Judging by the results, if you add the value of support reaction B to Mx, then everything returns to normal, but the bending moment at support A increases by the value of reaction B. There are lines of supports A and B, but this is a pure visualization of load levels and used as constants in calculation. Calculation for: distribution load 10, beam 4.

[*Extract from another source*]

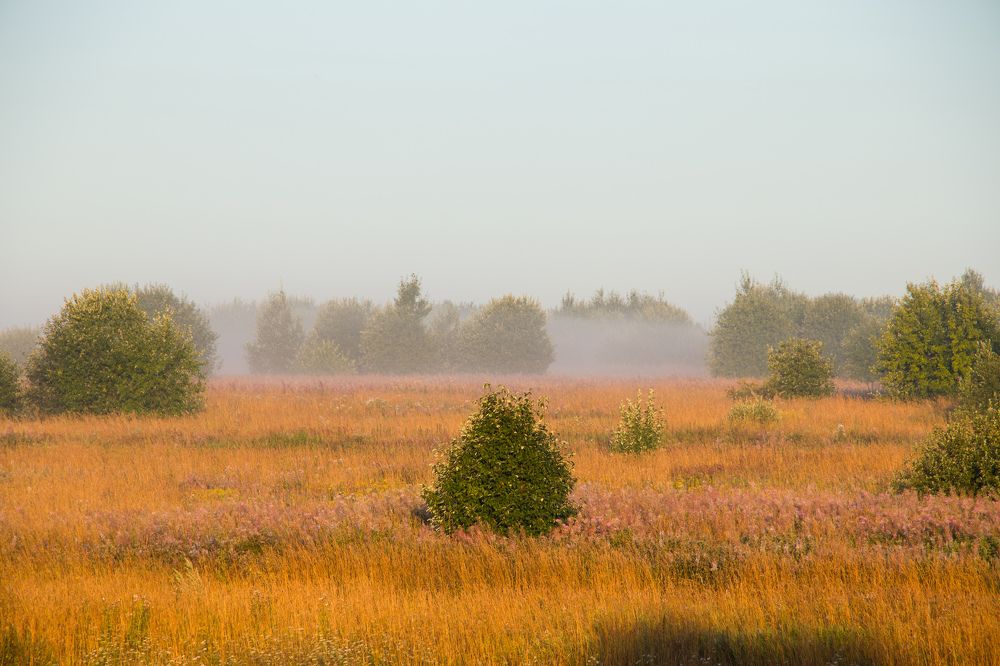 Photograph by Nikita Oshvintsev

Doc, one more question. Is it possible to find functions of shear forces for the main types of beams? I can’t derive them myself; the differential equations are completely forgotten. Although extreme values are usually used in calculations. In the graph, I subtracted the load on the shoulder qx from the support reaction A, but this is pure adjustment of the result. Sincerely
MB = Al + MA - ql^2/2 = 5ql^2/8 - ql^2/8 - ql^2/2 = 0
so go for it.
Regarding the need for reinforcement in sections with zero bending moment, everything is correct; in such sections, longitudinal reinforcement is not needed according to the calculation. But the actual operating conditions of the structure may differ significantly from the accepted design scheme, and in addition, pinching of the reinforcement must be ensured for its reliable operation. For more details, see the article "Anchoring reinforcement."
Prefabricated slab supported on two sides.
Monolithic single-span slab (beam) supported on masonry.
Balcony slab (beam) cantilever.
Balcony or cantilever beam with brace.
Multi-span beam supported on masonry walls.
Multi-span slab supported on metal beams.
Monolithic basement wall.
Connecting a reinforced concrete column to the foundation.
Hinge or pinch – which to choose?
Is the connection between the grillage and the piles a hinge or a rigid connection?
Supporting a metal or reinforced concrete frame on the foundation.
Floor slabs and beams.
Supporting end slabs or secondary beams.